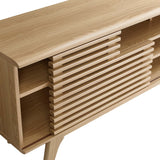 Render 71" Media Console TV Stand - Mid-Century Modern & Slatted Sliding Doors
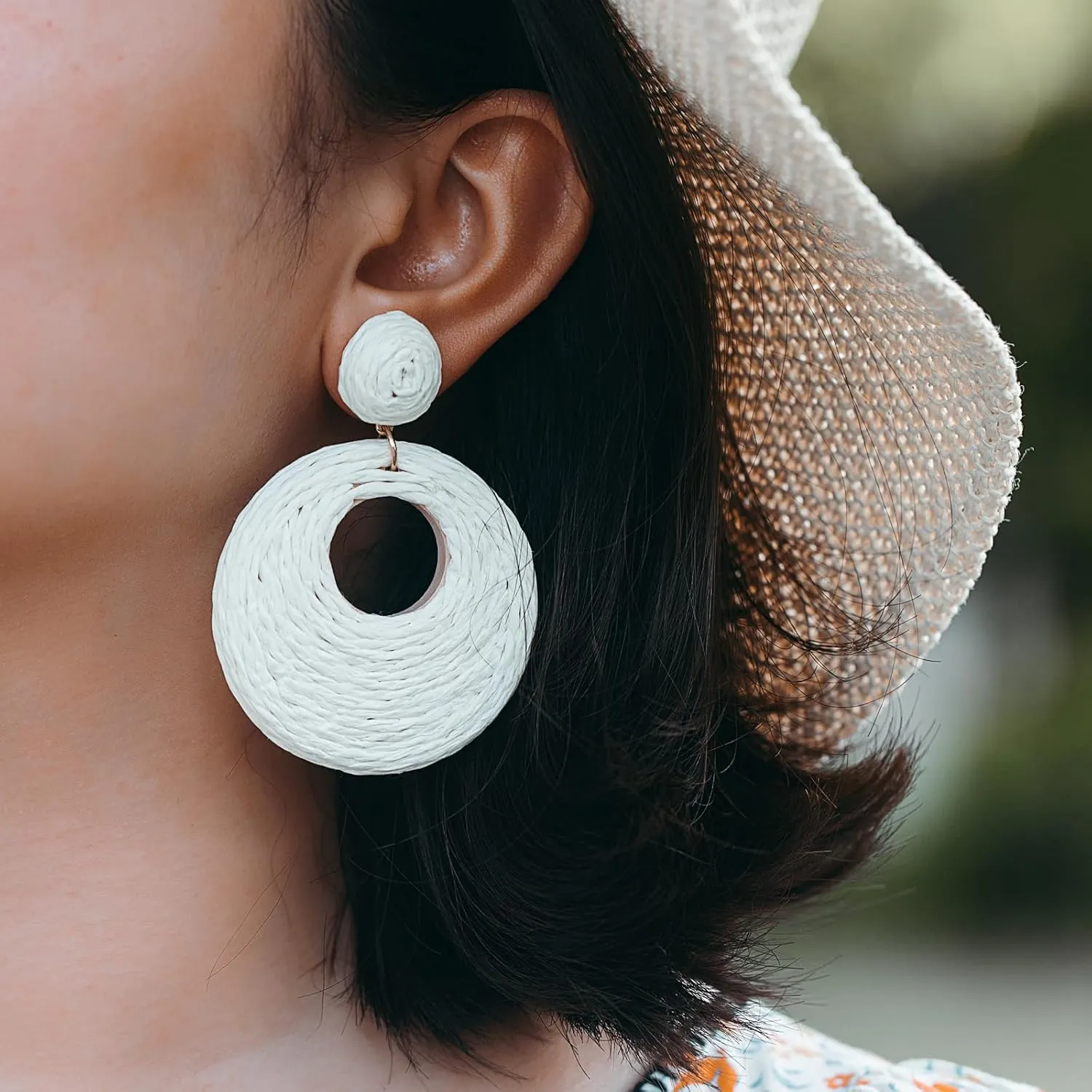 Boho Raffia Statement Circle Earrings - Cute Round Dangle Summer Handmade Rattan Jewelry for Women - Lightweight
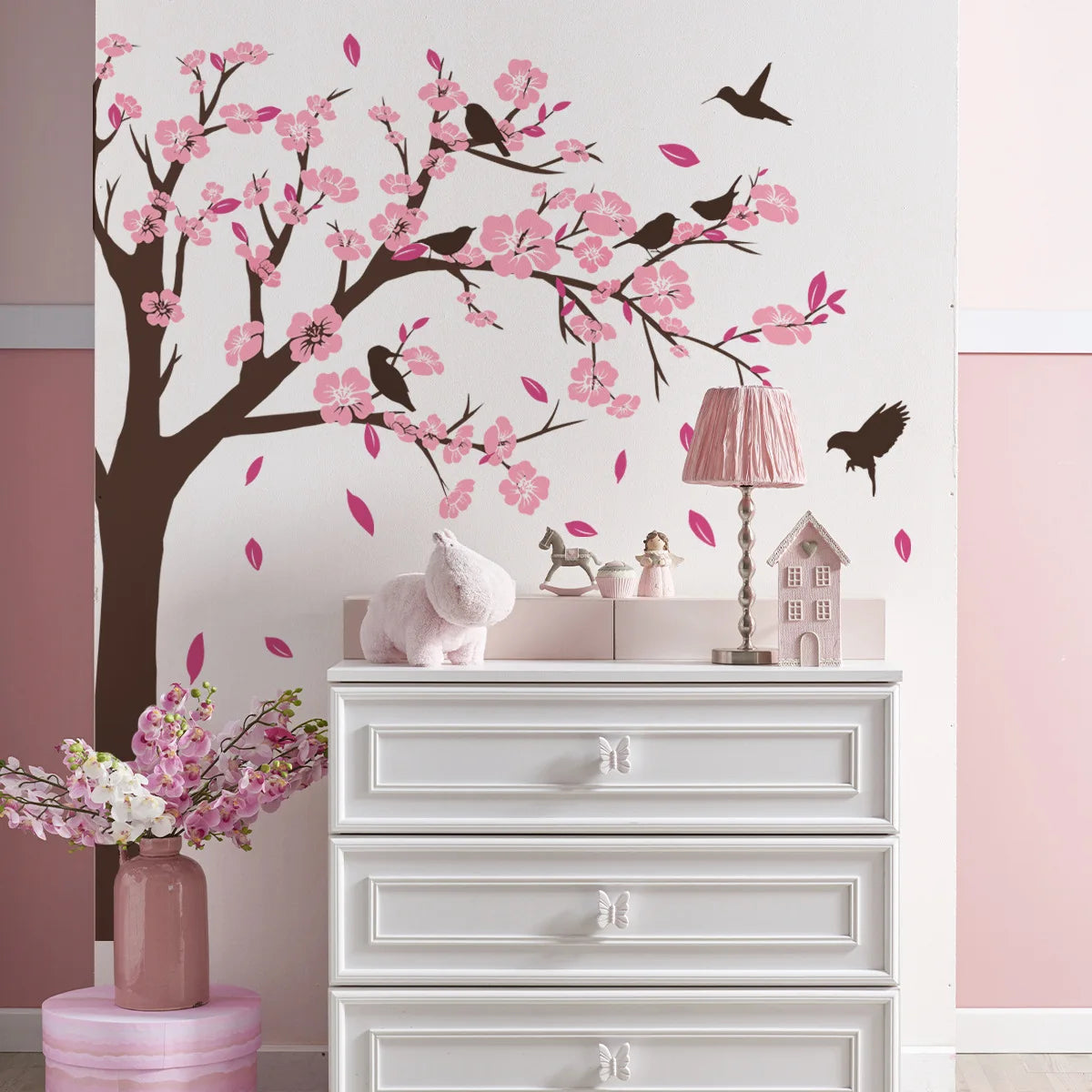 2pcs Big Tree Peach Blossom Leaf Wall Stickers Living Room Study Background Wall Home Decoration Wall Stickers Wallpaper Ms2267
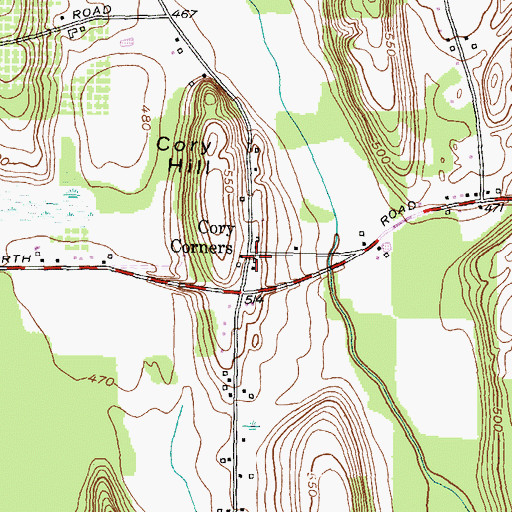Topographic Map of Cory Corners, NY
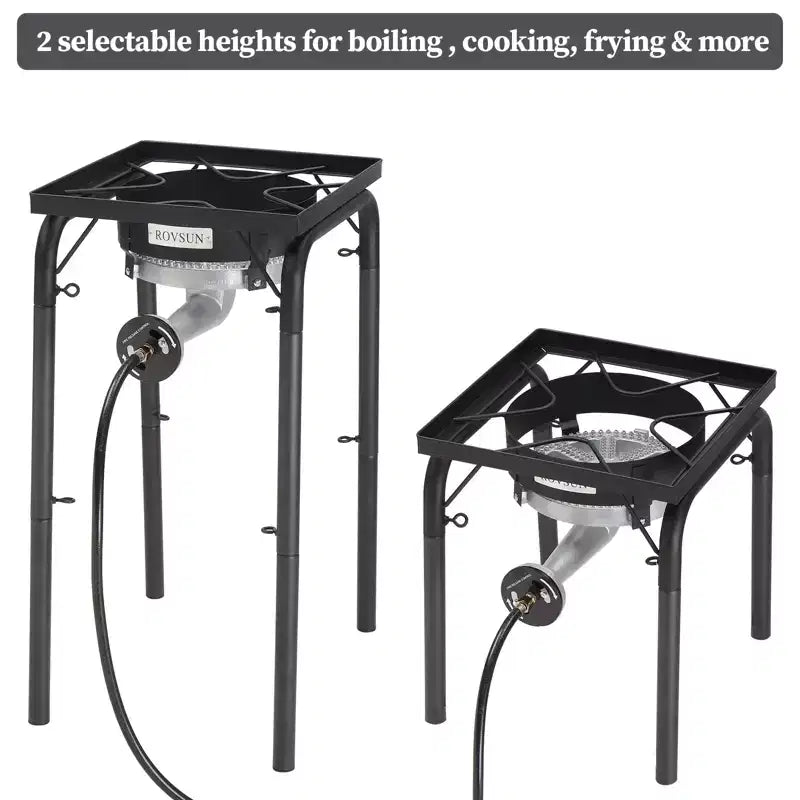 ROVSUN 200,000 BTU High Pressure Single Propane Burner, Portable Gas Stove Cooker with 2 Heights & Regulator for Outdoor Camp Cooking Frying Boiling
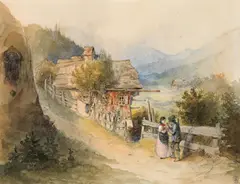 Friedrich Treml, Chat at the garden fence, 1850, watercolour on paper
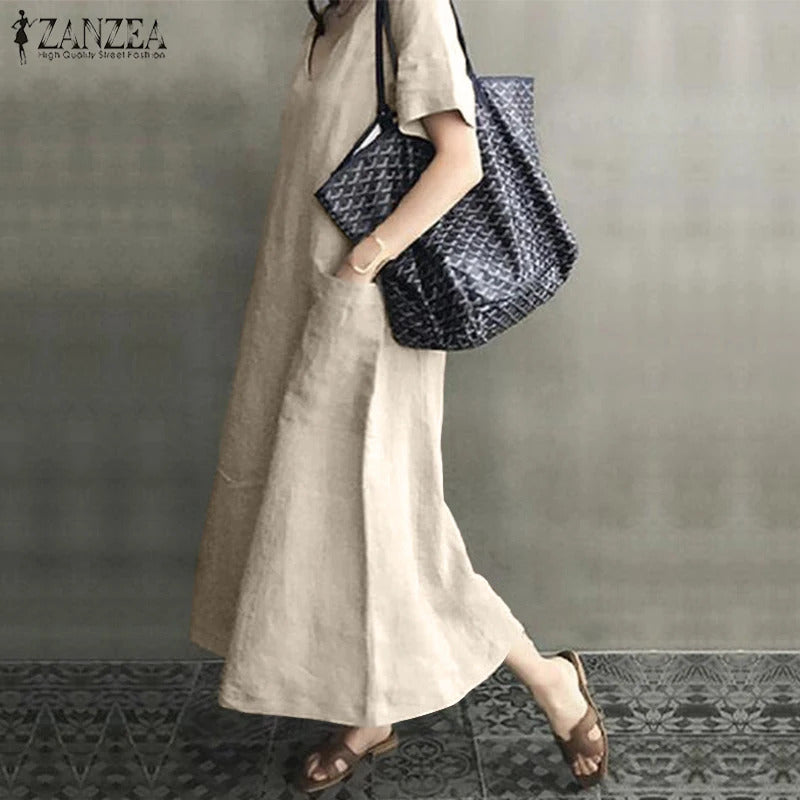 ZANZEA 2023 Women Long Maxi Summer Dress Casual Cotton Linen  Ladies Big Pockets Beach Party Robe Femme Vestidos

##########

- **DIRECTIONS FOR THIS TASK**: All that is needed here is the run of lines from the one containing "Friedrich Treml, Chat" through the end of the material above, reproduced exactly and without pictures.

- **EXERCISE RESULT**:
 Friedrich Treml, Chat at the garden fence, 1850, watercolour on paper
 ZANZEA 2023 Women Long Maxi Summer Dress Casual Cotton Linen  Ladies Big Pockets Beach Party Robe Femme Vestidos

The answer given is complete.